Mi amigo Ángel Campos Pámpano tituló uno de sus libros Siquiera este refugio, palabras tomadas de una canção del portugués Luís de Camões: Sequer este refúgio. De eso al cabo se trata. Sobre todo, para huir del “triste pensamiento de la muerte”, lo que me lleva a mencionar una de mis obsesiones favoritas, inevitable, según creo, en la poesía (y en la vida): la de la muerte, haz y envés, un motivo que no ha dejado de asediarme desde que tengo conciencia y, más aún, desde que empecé a escribir poemas para intentar comprender y comprenderme, como vía de conocimiento. Por eso señalo otra característica propia de cuanto he escrito: la melancolía. Según el adagio de Wallace Stevens, “la poesía es una forma de melancolía”. A diferencia de otros poetas que la entienden como celebración de la vida y que, en consecuencia, escriben versos hímnicos y dichosos, uno, en esta época de búsqueda desesperada de eso que llaman felicidad, reivindica el pesimismo y la tristeza como fundamentos de la suya (“Es triste por naturaleza el ser humano”, sentenció Szymborska) y, así, asume la fatalidad de dar a la imprenta versos elegíacos y hasta dolientes. Y todo, tal vez, porque, como dejó dicho César Simón, ser poeta es al fin y al cabo “una cuestión de carácter”. Todo esto enlaza con esa poética que José Ángel Valente denominó meditativa o de la meditación [7], utilizada por maestros como Unamuno o Cernuda, y que, en un sano ejercicio de literatura comparada, reuniría, entre otras, la poesía de Manrique, san Juan de la Cruz y el Quevedo metafísico, por parte española, y la de Hölderlin, Leopardi, el Eliot de Four Quartets, Rilke o Zagajewski, por la extranjera. Estoy hablando de una poesía que sería el fruto o la consecuencia de aplicar la conocida fórmula unamuniana de “piensa el sentimiento y siente el pensamiento”, relacionada, según el autor de El Cristo de Velázquez, con la “tradición inglesa”.

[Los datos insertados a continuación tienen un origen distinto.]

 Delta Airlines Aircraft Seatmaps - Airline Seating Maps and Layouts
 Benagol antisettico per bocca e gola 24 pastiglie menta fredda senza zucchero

Y ya que trae uno a colación sus obsesiones, no estaría de más fijar el foco en otra: la de noción de lugar. En torno, por ejemplo, al concepto de “resistencia íntima”, en feliz expresión del pensador Josep Maria Esquirol, que ha escrito: “la casa, la soledad, es un refugio y una resistencia”. O: “El sentido de la existencia es la intención de claridad y de cobijo” [8].
Formulo para terminar una pregunta retórica: ¿se nota demasiado que uno ejerce de maestro de escuela?




[1] https://www.mecd.gob.es/lectura/pdf/330.pdf
[2] Cuidados paliativos, Pepitas Ed., Logroño, 2017.
[3] Ensayando círculos (1995), Mecánica terrestre (2002), Desde fuera (2008) y Más allá, Tánger (2014).
[4] De la Luna Libros. Colección Luna de Poniente, Mérida, 2013.
[5] L'affaire Moro, Palermo, Sellerio, 1978. Edición española en Tusquets, 2011. Traducción de Juan Manuel Salmerón.
[6] “De la torre de marfil a la torre de control”, Poética y Poesía. Fundación Juan March. Edición no venal, Madrid, 2009.
http://recursos.march.es/culturales/documentos/conferencias/gc729.pdf
[7] En su ensayo “Luis Cernuda y la poesía de la meditación”, publicado por primera vez en 1962, con motivo del homenaje que dedicara al poeta sevillano la revista valenciana La caña gris y que recogió después en su libro Las palabras de la tribu, Siglo XXI de España Editores, Madrid, 1971. Se da noticia en él de Louis L. Martz, que define este modo de proceder en poesía como “mezcla particular de pasión y pensamiento”.
[8] La resistencia íntima. Ensayo de una filosofía de la proximidad. Josep Maria Esquirol. Acantilado, Barcelona, 2016.